Confrontos começaram com ato de supremacistas brancos de Charlottesville contra retirada de estátua de general da Guerra Civil; cidade está sob emergência

O presidente dos Estados Unidos, Donald Trump, condenou neste sábado a violência que entrou em erupção entre nacionalistas brancos e contra-manifestantes em Charlottesville, Virgínia. “Nós devemos TODOS estar unidos e condenar tudo o que representa o ódio”, escreveu em mensagem no Twitter. “Não há lugar para esse tipo de violência na América”, disse.

O governador da Virgínia (EUA), o democrata Terry McAuliffe, declarou neste sábado estado de emergência para “ajudar na resposta do poder público” à onda de violência iniciada na noite de sexta-feira por causa de uma manifestação de supremacistas brancos e outros militantes nacionalistas de direita contra a retirada de uma estátua do general Robert E. Lee, líder dos confederados na Guerra Civil americana.

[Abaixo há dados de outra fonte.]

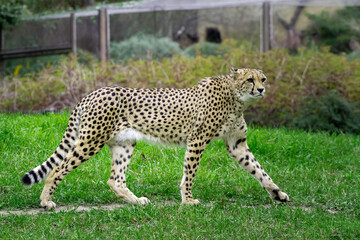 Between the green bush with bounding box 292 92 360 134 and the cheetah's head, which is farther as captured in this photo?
the green bush with bounding box 292 92 360 134

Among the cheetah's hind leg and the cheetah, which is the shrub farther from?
the cheetah's hind leg

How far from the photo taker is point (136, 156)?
18.9 ft

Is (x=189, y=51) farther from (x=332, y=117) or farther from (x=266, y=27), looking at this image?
(x=332, y=117)

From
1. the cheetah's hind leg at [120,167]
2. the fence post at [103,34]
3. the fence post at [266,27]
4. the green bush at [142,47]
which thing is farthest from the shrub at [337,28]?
the cheetah's hind leg at [120,167]

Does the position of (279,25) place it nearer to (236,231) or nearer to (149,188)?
(149,188)

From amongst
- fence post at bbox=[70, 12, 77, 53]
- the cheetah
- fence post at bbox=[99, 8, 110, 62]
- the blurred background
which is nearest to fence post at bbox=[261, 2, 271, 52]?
the blurred background

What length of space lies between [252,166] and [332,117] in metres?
3.84

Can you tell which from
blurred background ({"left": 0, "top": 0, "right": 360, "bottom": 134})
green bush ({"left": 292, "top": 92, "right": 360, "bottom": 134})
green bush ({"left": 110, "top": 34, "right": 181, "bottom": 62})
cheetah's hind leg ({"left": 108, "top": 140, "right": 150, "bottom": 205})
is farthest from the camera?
green bush ({"left": 110, "top": 34, "right": 181, "bottom": 62})

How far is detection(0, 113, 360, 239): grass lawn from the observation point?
142 inches

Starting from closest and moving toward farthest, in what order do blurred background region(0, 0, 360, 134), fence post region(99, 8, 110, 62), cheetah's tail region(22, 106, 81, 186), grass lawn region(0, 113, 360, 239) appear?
1. grass lawn region(0, 113, 360, 239)
2. cheetah's tail region(22, 106, 81, 186)
3. blurred background region(0, 0, 360, 134)
4. fence post region(99, 8, 110, 62)

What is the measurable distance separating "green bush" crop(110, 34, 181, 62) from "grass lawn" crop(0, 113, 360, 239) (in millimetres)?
4900

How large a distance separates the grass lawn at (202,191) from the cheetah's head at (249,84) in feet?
3.26

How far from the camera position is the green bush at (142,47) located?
11.4 metres

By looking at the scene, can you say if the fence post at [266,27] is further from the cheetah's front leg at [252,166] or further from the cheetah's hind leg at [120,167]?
the cheetah's hind leg at [120,167] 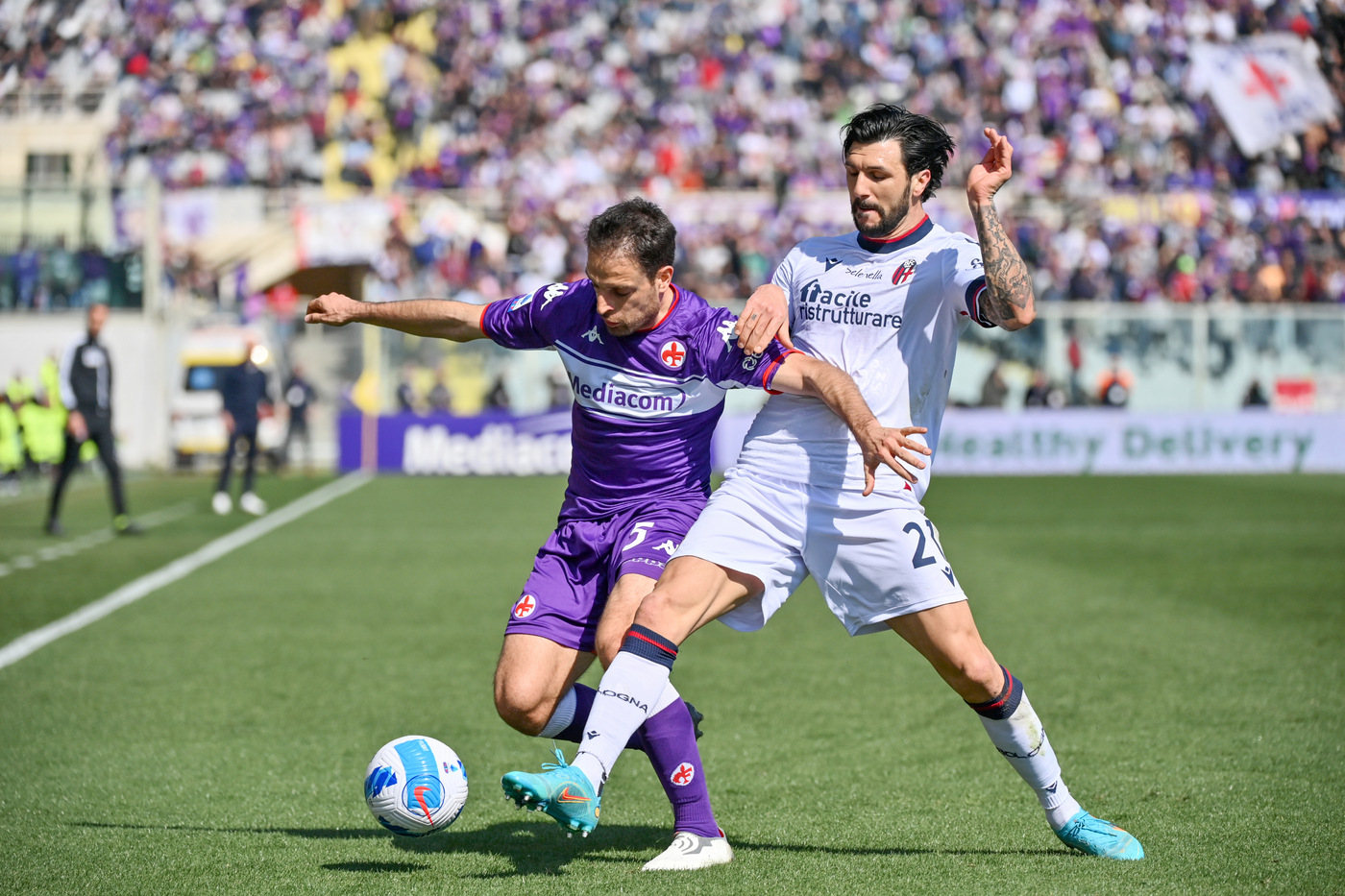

Na noite de sexta-feira, na Universidade da Virginia, manifestantes racistas, carregando tochas, gritavam slogans como “os judeus não irão tomar nosso lugar” e “vidas brancas importam” – esta última uma referência ao movimento negro Black Lives Matter, contra a violência policial. A manifestação gerou confrontos com estudantes durante a madrugada. Alguns militantes carregavam símbolos nazistas e ofendiam negros, judeus e gays.

Na manhã deste sábado, mesmo após o governo local declarar ilegal o protesto, os supremacistas brancos decidiram realizar uma marcha chamada “Unite Right” (“Unir a direita”), o que ampliou ainda mais os confrontos com grupos rivais, agora com paus, barras de ferro, socos e pontapés. Brigas se espalharam pelas ruas de Charlottesville. Há feridos, mas nenhum número oficial foi divulgado ainda.

O prefeito de Charlottesville, Mike Signer, divulgou uma nota na qual chama a marcha dos supremacistas de um “desfile covarde de ódio, fanatismo, racismo e intolerância”, que marcham pelos gramados do arquiteto da nossa Declaração de Direitos”, em referência a Thomas Jefferson, um dos “pais” dos Estados Unidos, que nasceu na cidade.

Jason Kessler, organizador da marcha, destacou em comunicado que o movimento quer apenas defender a Primeira Emenda da Constituição, que protege a liberdade de expressão, e apoiar os “grandes homens brancos que estão sendo difamados, caluniados e derrubados nos EUA”.